*** Begin section ***

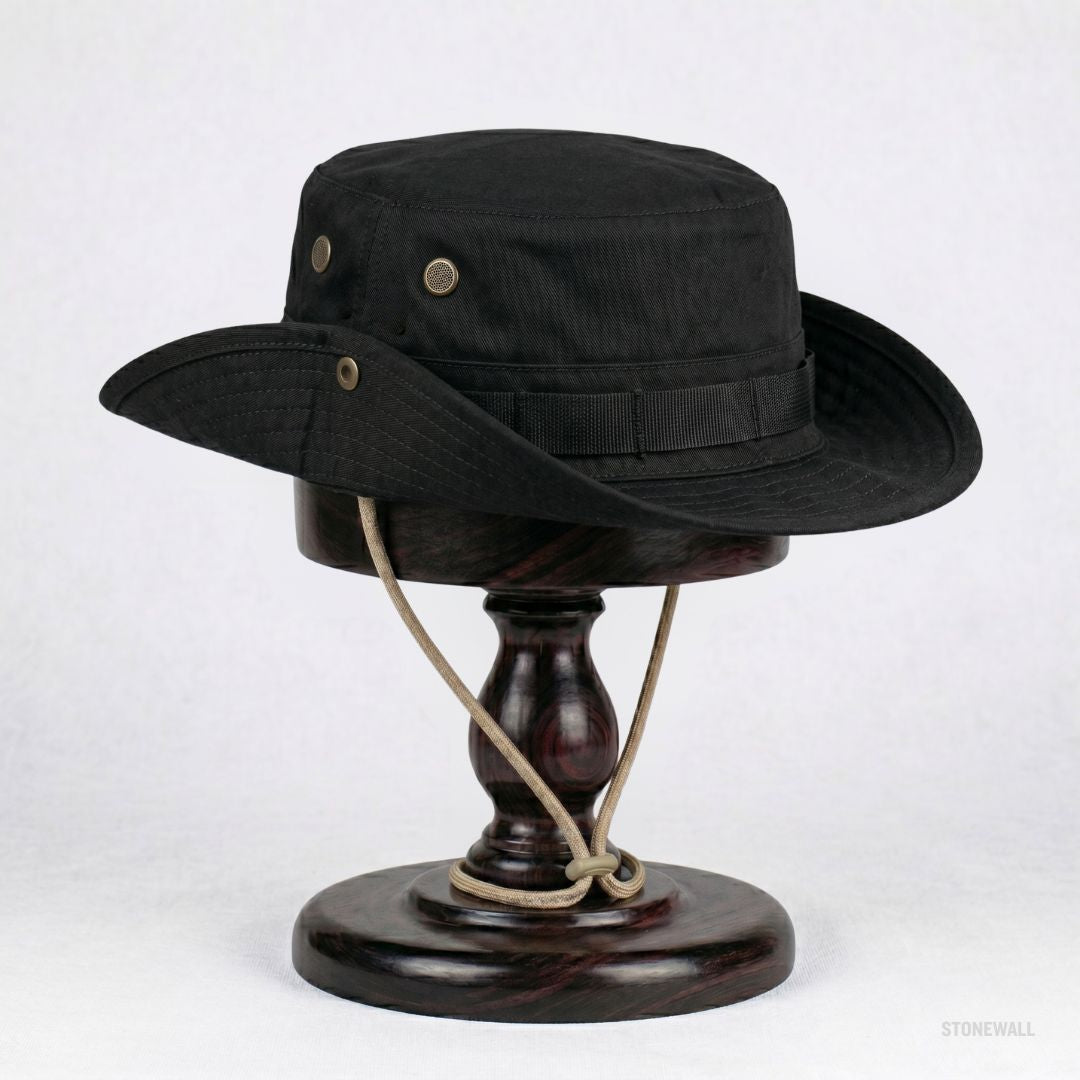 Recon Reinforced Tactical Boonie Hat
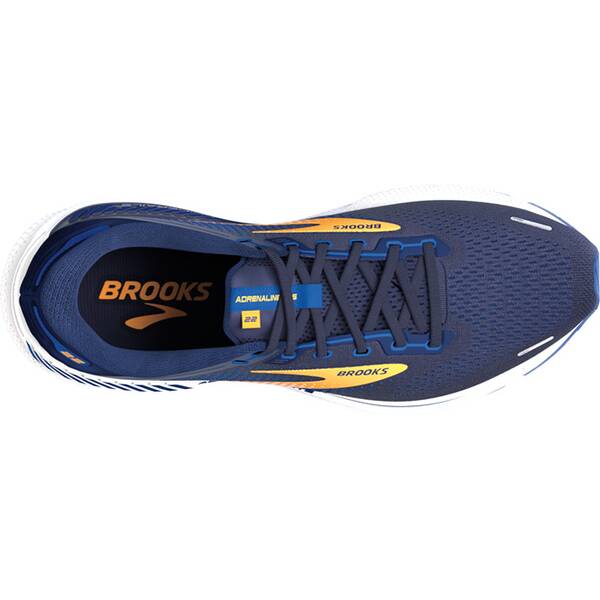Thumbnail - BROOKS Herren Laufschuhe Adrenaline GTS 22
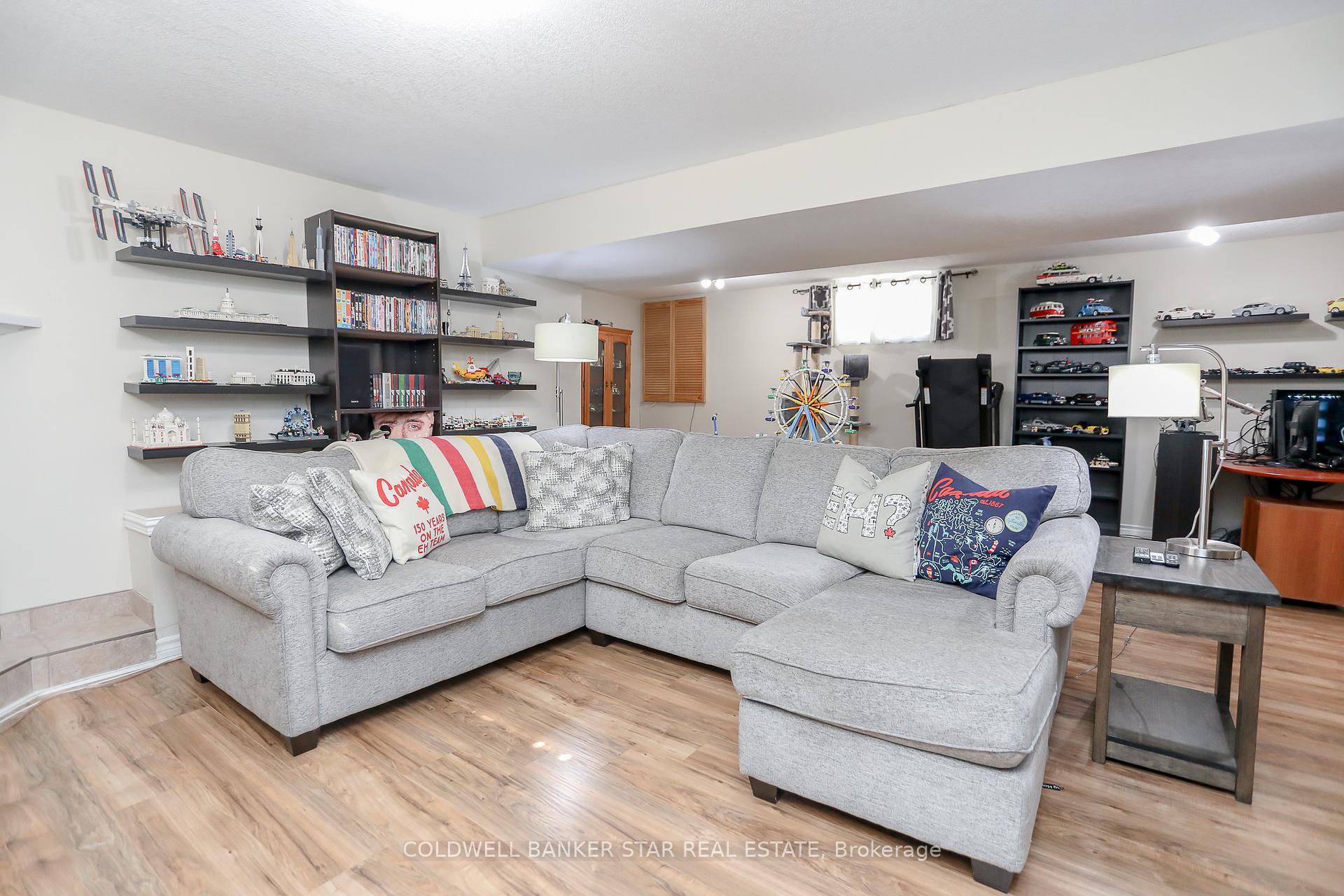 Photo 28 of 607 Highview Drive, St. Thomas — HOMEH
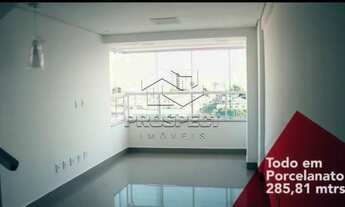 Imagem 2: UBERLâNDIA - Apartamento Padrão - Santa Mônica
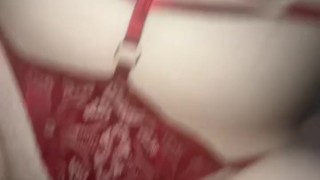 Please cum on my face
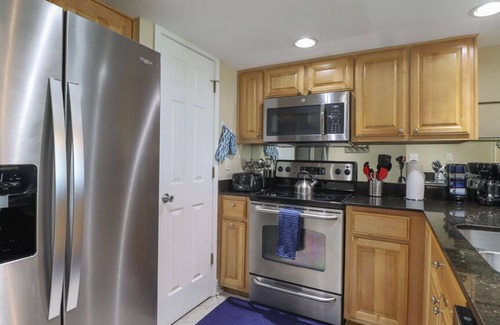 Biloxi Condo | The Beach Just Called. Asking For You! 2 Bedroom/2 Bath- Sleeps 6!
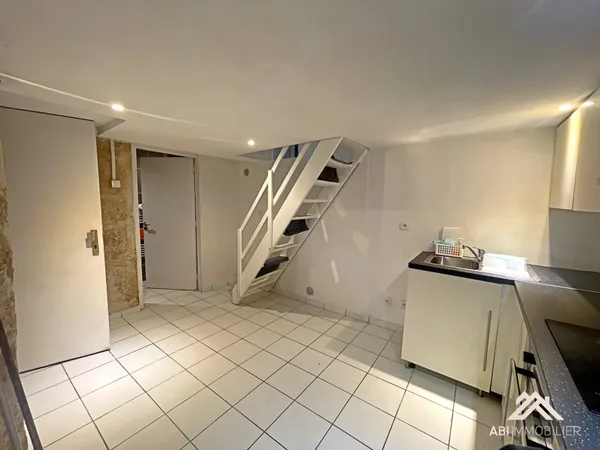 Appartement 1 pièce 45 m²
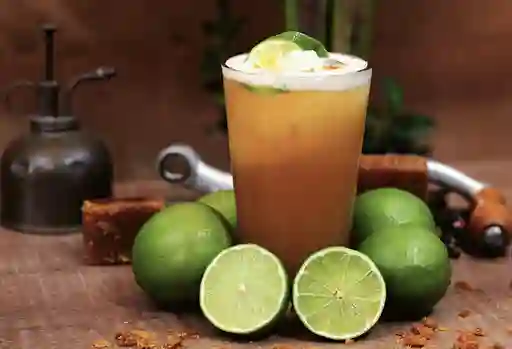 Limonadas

*** End section ***

__TASK DIRECTIONS__.
Transcribe the data exactly, minus any images.

__YOUR SOLUTION__.
 Recon Reinforced Tactical Boonie Hat
Thumbnail - BROOKS Herren Laufschuhe Adrenaline GTS 22
 Photo 28 of 607 Highview Drive, St. Thomas — HOMEH
 Imagem 2: UBERLâNDIA - Apartamento Padrão - Santa Mônica
 Please cum on my face
 Biloxi Condo | The Beach Just Called. Asking For You! 2 Bedroom/2 Bath- Sleeps 6!
 Appartement 1 pièce 45 m²
 Limonadas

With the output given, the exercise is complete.